● Provided records
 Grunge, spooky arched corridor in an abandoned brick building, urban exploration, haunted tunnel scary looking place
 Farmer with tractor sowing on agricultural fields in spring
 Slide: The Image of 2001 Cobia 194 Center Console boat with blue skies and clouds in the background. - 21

==

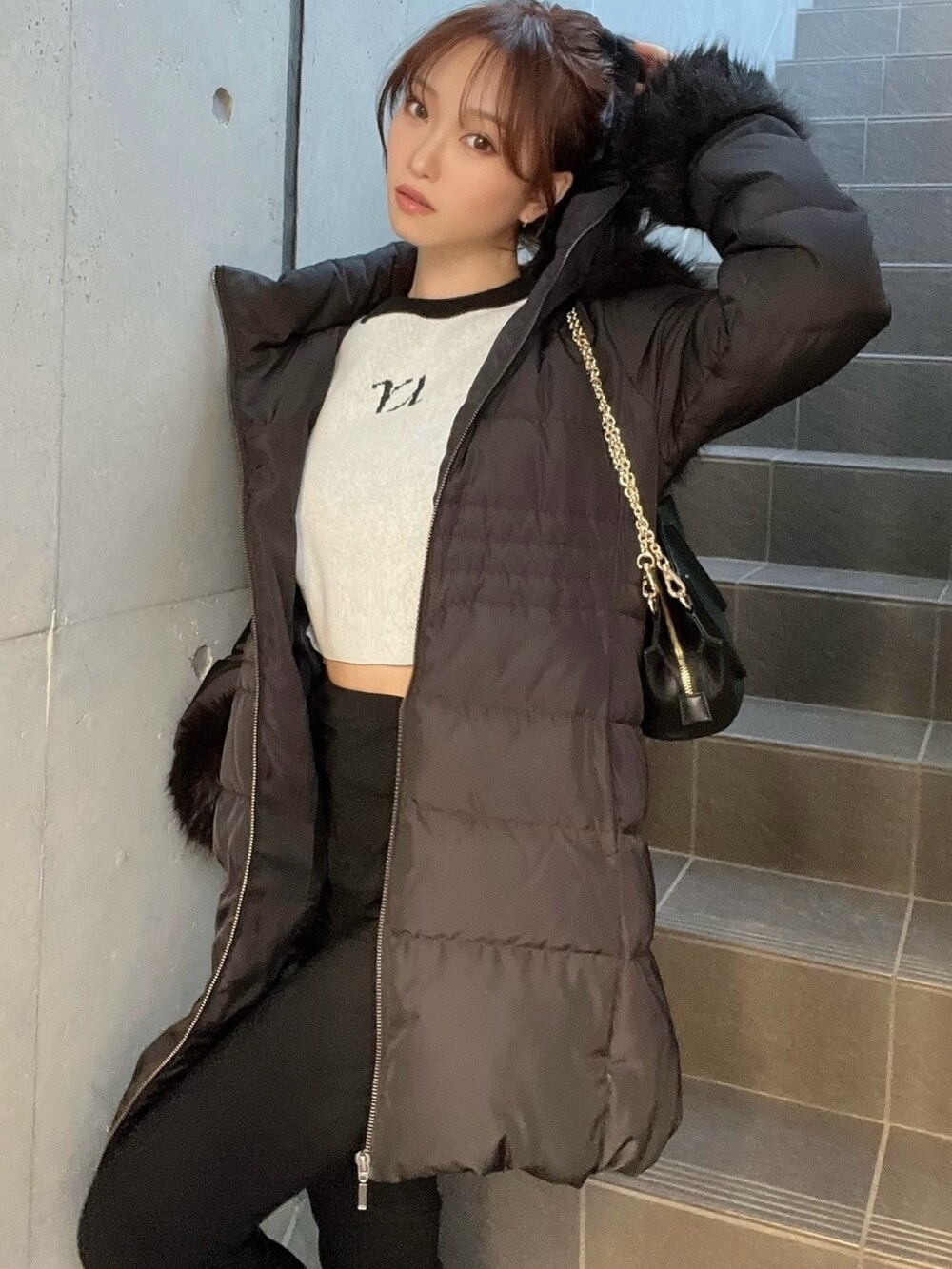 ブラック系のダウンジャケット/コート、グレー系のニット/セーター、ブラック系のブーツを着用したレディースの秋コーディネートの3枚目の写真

● About this task
Where does the word "with" appear in the records? Copy every line that holds it.

● Worked solution
 Farmer with tractor sowing on agricultural fields in spring
 Slide: The Image of 2001 Cobia 194 Center Console boat with blue skies and clouds in the background. - 21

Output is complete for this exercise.